My FIL's father could not handle the stress, apparently, of taking care of 6 young children by himself...so he abandoned the kids.
My FIL's siblings were divided up among various relatives in different states. But my FIL and one of his brothers were sent to a foster home in Massachusetts.
So, at 3 yrs old, he and his younger brother were taken to a strange place - a farm - and left along with 8 other foster boys already at the farm.
The foster couple, a farmer and his wife, were paid by the state to raise these 10 boys.
They were both alcoholics, as well as sadistic people.
The farmer had a cane, which accompanied him everywhere as he had a bum leg. He used it often to beat the boys across their backs and cracked them over their skulls for most minor of infractions.
The farmers wife was no better. She wailed on the boys seemingly for fun. My FIL told of a time where he questioned something she said and she responded by striking him with a backhand blow across the face, bloodying his nose.

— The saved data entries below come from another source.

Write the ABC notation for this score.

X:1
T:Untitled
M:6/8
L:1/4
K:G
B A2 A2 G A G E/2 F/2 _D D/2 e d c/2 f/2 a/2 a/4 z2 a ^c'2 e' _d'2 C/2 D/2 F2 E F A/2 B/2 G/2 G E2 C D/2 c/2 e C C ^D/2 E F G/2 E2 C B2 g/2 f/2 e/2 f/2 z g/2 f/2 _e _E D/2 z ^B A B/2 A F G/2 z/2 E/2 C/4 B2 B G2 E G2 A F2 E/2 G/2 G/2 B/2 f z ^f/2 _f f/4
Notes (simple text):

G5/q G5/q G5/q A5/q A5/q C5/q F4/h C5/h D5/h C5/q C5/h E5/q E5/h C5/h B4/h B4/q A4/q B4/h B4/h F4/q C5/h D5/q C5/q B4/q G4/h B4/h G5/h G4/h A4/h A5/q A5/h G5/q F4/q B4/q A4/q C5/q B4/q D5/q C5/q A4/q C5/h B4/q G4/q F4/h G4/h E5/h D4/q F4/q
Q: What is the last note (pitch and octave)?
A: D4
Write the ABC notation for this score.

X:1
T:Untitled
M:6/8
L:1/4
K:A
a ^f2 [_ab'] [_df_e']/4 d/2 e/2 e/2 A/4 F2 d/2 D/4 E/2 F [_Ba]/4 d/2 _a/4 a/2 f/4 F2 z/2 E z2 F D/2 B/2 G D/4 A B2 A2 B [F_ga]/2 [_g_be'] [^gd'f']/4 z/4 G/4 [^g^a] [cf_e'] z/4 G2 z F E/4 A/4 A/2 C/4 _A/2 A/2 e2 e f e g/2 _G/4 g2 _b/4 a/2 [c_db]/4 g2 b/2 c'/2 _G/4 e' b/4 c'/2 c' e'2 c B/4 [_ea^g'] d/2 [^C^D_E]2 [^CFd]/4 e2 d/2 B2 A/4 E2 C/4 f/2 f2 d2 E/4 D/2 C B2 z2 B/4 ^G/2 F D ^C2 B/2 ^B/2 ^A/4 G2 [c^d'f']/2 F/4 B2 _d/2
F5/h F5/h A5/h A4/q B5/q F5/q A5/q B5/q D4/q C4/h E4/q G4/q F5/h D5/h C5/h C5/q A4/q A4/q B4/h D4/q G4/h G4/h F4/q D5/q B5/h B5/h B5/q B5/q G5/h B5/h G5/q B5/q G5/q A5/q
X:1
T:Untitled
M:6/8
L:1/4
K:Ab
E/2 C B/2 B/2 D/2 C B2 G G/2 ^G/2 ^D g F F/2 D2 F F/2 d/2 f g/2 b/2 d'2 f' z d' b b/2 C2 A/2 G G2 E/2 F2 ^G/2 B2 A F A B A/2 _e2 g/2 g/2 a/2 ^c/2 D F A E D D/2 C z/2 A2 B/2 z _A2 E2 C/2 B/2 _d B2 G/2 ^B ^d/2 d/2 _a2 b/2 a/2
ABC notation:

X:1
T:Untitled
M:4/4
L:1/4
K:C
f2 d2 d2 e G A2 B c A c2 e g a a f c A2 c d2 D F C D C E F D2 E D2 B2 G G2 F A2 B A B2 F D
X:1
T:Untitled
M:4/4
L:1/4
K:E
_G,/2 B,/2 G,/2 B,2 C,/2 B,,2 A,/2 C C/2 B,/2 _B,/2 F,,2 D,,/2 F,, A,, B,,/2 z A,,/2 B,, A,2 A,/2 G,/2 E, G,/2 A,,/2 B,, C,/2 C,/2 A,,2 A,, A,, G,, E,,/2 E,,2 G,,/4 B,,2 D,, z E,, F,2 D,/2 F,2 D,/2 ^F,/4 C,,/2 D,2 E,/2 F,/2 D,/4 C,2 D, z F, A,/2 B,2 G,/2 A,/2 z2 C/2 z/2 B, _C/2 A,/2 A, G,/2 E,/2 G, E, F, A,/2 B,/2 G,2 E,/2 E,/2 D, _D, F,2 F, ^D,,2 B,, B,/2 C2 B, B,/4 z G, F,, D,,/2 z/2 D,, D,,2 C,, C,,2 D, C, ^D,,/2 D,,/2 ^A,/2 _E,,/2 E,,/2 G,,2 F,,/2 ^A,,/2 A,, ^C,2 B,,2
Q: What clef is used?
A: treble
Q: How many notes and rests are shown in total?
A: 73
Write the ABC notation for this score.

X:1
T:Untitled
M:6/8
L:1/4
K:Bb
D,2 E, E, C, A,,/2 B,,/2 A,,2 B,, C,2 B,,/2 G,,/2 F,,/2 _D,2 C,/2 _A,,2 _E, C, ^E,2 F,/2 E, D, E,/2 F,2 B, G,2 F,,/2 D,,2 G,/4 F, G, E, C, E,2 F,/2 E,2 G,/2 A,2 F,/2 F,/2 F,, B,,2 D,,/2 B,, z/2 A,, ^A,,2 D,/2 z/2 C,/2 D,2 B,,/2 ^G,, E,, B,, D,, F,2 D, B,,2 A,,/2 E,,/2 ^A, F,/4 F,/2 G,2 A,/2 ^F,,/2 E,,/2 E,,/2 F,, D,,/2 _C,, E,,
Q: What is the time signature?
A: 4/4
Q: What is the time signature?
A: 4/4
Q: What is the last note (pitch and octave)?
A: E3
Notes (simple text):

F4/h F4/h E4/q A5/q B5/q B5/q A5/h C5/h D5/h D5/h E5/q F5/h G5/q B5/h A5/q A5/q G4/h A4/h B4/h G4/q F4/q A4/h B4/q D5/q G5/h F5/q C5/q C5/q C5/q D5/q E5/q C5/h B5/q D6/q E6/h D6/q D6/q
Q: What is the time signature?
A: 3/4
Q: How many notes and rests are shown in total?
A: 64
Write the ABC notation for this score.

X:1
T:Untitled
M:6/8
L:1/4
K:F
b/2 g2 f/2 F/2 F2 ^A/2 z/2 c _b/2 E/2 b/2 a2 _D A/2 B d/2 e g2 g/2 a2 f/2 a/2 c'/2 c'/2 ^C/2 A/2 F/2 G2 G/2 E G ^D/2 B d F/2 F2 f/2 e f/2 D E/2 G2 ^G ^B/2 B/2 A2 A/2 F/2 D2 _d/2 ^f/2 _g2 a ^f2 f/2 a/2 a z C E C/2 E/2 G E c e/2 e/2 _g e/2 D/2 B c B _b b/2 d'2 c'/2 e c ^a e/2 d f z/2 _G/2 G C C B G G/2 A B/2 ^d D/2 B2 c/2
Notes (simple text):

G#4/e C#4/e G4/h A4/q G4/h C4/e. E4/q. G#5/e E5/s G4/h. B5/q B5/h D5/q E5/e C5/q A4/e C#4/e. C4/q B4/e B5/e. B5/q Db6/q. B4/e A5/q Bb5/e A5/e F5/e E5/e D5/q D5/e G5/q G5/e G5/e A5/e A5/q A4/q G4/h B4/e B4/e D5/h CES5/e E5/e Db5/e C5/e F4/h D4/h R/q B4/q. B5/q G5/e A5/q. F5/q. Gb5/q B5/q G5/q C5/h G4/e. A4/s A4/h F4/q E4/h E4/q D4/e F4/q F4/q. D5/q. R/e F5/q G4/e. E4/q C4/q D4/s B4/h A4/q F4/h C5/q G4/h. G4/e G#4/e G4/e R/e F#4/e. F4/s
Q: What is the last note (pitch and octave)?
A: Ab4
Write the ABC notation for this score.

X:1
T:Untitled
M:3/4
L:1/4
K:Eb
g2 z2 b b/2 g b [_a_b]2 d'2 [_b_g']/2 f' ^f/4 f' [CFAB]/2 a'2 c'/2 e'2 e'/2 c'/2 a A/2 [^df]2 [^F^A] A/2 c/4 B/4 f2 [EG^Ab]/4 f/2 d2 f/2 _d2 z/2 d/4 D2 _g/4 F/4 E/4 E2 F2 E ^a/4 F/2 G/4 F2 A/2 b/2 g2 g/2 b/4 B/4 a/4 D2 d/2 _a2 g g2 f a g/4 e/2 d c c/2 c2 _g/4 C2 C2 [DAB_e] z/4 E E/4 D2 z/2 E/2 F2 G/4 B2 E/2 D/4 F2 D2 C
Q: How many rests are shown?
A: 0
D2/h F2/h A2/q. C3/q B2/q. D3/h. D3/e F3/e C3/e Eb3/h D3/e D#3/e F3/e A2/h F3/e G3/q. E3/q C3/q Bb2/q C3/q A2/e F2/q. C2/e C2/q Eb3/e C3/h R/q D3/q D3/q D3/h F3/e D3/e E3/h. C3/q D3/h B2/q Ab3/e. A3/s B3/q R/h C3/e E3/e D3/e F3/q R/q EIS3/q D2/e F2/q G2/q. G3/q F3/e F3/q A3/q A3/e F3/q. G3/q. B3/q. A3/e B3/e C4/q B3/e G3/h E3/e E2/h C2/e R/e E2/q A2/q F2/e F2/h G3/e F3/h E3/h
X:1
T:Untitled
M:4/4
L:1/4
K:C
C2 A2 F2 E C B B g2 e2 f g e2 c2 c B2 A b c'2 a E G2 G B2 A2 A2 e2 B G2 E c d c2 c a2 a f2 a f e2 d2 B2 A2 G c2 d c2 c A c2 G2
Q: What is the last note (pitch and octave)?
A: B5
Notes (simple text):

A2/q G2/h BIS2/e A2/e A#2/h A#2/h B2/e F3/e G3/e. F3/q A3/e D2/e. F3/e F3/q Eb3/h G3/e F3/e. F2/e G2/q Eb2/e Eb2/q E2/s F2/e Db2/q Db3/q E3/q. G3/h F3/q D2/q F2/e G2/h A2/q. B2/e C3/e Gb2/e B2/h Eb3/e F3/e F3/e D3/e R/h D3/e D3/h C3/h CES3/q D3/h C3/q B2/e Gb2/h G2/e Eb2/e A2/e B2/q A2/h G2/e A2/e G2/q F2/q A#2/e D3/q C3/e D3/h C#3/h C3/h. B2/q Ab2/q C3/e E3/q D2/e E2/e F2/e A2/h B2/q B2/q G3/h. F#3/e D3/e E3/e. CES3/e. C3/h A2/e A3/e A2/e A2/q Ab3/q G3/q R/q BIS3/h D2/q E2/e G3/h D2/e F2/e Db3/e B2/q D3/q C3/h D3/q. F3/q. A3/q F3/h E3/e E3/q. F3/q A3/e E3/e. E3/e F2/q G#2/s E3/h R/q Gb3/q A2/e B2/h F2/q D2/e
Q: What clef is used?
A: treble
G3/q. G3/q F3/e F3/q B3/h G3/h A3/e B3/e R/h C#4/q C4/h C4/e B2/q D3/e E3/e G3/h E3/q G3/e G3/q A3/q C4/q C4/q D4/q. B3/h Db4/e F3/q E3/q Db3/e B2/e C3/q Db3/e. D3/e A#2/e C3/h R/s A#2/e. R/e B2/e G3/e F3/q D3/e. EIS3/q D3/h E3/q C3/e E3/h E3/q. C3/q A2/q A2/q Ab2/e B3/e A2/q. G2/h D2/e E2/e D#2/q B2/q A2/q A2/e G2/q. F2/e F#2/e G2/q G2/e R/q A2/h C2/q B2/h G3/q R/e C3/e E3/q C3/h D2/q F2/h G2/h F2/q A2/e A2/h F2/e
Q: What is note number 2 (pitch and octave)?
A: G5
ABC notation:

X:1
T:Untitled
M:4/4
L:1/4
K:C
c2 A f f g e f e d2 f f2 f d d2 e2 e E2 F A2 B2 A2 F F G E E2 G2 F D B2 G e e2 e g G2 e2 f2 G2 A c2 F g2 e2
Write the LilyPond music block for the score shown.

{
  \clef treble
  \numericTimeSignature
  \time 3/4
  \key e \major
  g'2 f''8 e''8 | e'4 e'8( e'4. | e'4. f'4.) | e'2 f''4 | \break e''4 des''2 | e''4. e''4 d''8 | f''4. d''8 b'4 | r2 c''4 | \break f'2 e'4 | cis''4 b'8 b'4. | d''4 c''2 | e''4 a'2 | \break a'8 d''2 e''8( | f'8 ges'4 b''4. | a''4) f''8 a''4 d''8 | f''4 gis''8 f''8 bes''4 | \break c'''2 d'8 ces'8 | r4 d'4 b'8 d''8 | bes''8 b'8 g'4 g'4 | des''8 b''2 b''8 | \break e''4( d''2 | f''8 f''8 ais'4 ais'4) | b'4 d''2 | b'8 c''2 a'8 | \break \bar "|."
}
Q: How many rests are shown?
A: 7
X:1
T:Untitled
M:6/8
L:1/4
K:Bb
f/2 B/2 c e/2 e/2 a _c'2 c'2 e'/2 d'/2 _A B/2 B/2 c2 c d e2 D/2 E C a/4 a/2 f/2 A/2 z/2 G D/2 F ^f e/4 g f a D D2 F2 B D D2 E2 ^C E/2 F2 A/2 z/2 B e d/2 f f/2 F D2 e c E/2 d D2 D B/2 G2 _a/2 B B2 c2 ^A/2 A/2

Another incident had the Farmer whipping my FIL with a cat-of-nine-tails ( a short whip consisting of several strips of leather intended for inflicting pain). As the farmer threw back his arm for another strike, the leather strips wrapped around the lighting fixture in the room, and when he tried to come back down with the whip to strike him again, he pulled the lighting fixture right out of the ceiling - that illustrates the force in which the beatings were delivered.
Beatings and abuse were fairly frequent.
The boys were lined up nightly on their knees by the farmers wife to say "prayers" before they went to bed.... totally naked. She never touched them, but apparently got some gratification out of leering at 10 naked boys.
Then there was the boys themselves. My FIL's younger brother was a passive personality. With the boys on the farm, it was often every man for himself...and there was a pecking order, and some degree of bullying. Some of the older boys would pick on my FIL's younger brother and beat him up... so my FIL learned young how to fight. He fought hard and he fought well - protecting his brother.
The boys on the farm all went to a local school and the other kids would often make fun of the clothes he wore... which consisted of 1 pair of trousers, a rope for a belt, 1 pair of socks, underwear and a shirt. The socks and underwear were washed once a week whether they needed them or not. He was often teased about being 'poor' and not having a mother or father. He responded to this mental abuse with bare knuckles.
Yet, with all the fighting, physical and mental abuse he endured - he was generally a happy-go-lucky kid. I've seen several old photos...he always had the same clothes on along with a perpetual smile on his face. I believe he was fortunate in that he was hard-wired from birth with a hopeful personality and perhaps a glass-half-full mindset.
Regardless of his generally happy attitude, his childhood was indeed horrible at times, and he was determined to stick up for himself and his brother at all costs.
His father finally divorced his mother and remarried. He would visit my FIL roughly twice a year, his birthday being one of those occasions. He said his father would pull up to the farm in a new car, wearing new clothes with his new wife. He would spend about an hour with him, give him a small box of candy... and then turn around and leave him and his brother. His father never took any of the kids back.
So, he would watch his father pull away and wonder why he didn't take him with him.
My FIL would tell the principle at school about the beatings at the farm, as he told the state Foster Care case worker. Nobody would investigate, nobody cared, so he was stuck.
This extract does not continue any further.